[GIVEN INFORMATION Boundary: Start]

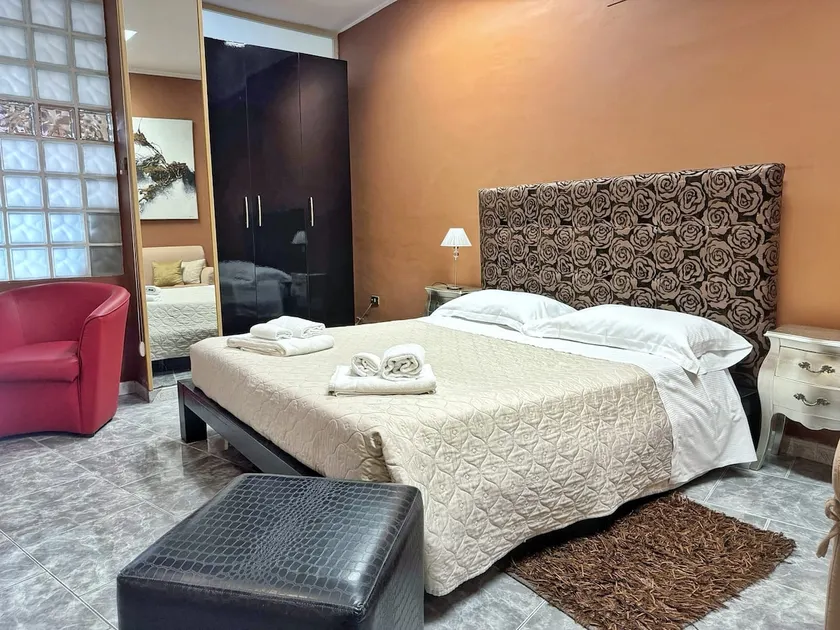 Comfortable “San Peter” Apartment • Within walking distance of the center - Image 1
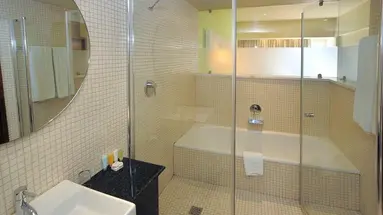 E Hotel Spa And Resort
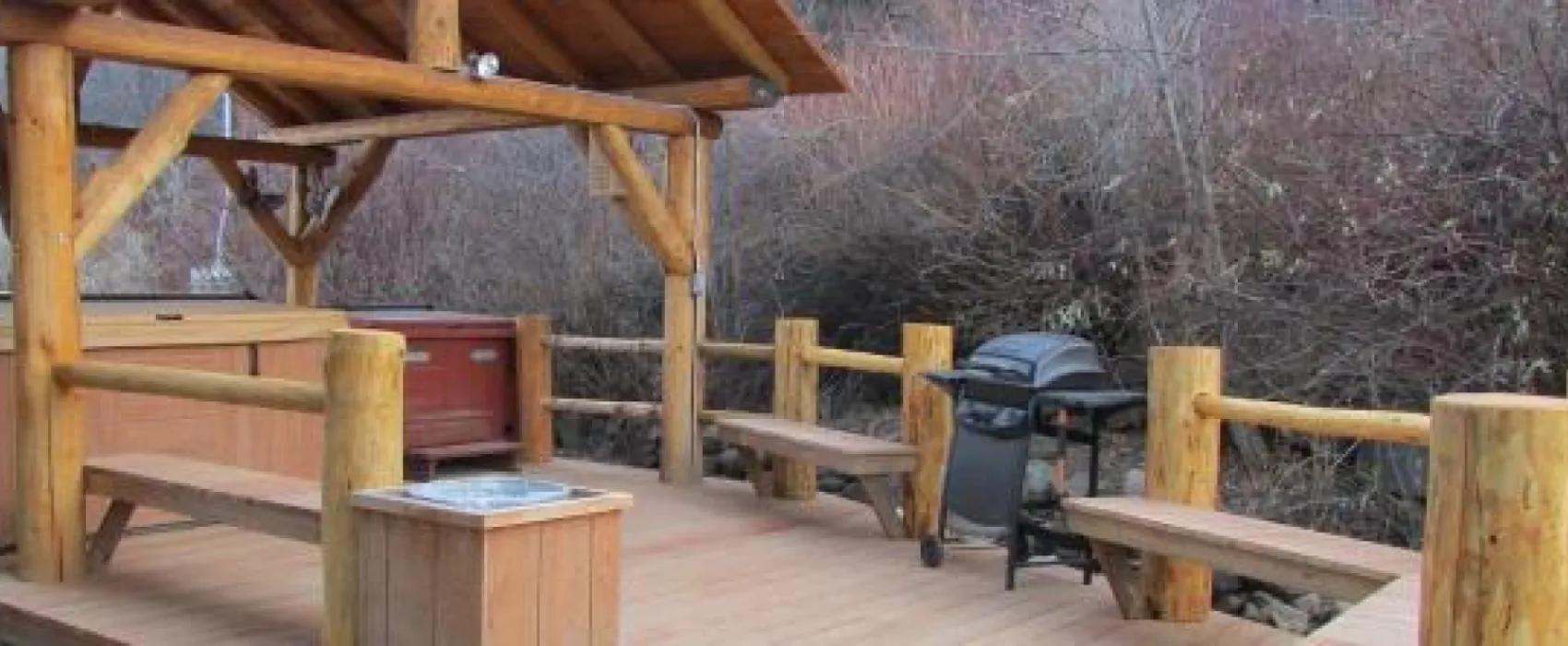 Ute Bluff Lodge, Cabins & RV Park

[GIVEN INFORMATION Boundary: End]

ABOUT THIS TASK
The copy must match every line of the data exactly and contain no pictures.

ANSWER FOR THE TASK
 Comfortable “San Peter” Apartment • Within walking distance of the center - Image 1
 E Hotel Spa And Resort
 Ute Bluff Lodge, Cabins & RV Park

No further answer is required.